Ransomware - Ransomware is a type of malicious software (malware) that blocks a victim’s access to data or a computer system, usually by encrypting it, until the victim pays a ransom fee to the attacker. Attackers often promise to restore the data if the ransom is paid, but these days, victims cannot be sure about this assurance, as the risk of data being destroyed or leaked remains

Red Teaming - Red Teaming is a cybersecurity exercise that involves a group of experts (known as the "Red Team") who simulate real-world cyberattacks on an organisation’s systems, networks, and personnel. Unlike traditional vulnerability assessments or penetration tests, which focus on identifying specific weaknesses, Red Teaming takes a broader approach by mimicking the tactics, techniques, and procedures (TTPs) of potential attackers.

SOC 2 Certification - SOC 2 (System and Organisation Controls 2) compliance refers to a certification framework established by the American Institute of Certified Public Accountants (AICPA). It focuses on five key "Trust Service Criteria" that businesses, particularly those handling sensitive data, need to meet to safeguard their systems.

Social Engineering Attacks - Social engineering attacks exploit human psychology to manipulate individuals into revealing sensitive information, granting unauthorised access, or, performing actions that compromise security. The primary goal of social engineering is to deceive individuals into compromising security measures by exploiting human tendencies such as curiosity, fear, or trust. 

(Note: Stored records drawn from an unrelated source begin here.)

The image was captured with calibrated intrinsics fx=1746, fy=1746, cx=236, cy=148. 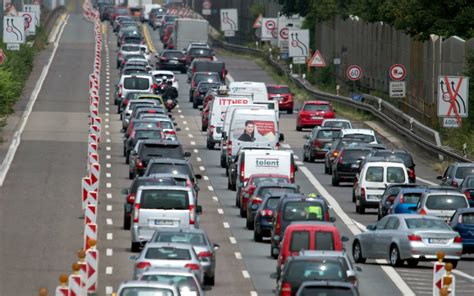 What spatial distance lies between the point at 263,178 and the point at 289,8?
70.2m

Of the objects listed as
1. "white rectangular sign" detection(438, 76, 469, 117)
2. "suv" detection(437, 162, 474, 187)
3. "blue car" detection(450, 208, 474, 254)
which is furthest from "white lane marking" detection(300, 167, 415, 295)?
"white rectangular sign" detection(438, 76, 469, 117)

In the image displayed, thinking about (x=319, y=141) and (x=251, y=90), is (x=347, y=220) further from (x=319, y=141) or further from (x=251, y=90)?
(x=251, y=90)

Threat Actor - A threat actor is an individual or group responsible for malicious activities in the realm of cybersecurity. These actors exploit vulnerabilities in systems, networks, or software to compromise information and disrupt operations. They may target organisations or individuals with the intent to steal, alter, or destroy data.

VAPT - VAPT stands for Vulnerability Assessment and Penetration Testing. It is a comprehensive security testing methodology that helps organisations identify, assess, and mitigate security vulnerabilities in their IT infrastructure, applications, and networks. VAPT is a combination of two distinct but complementary security practices: Vulnerability Assessment (VA) and Penetration Testing (PT).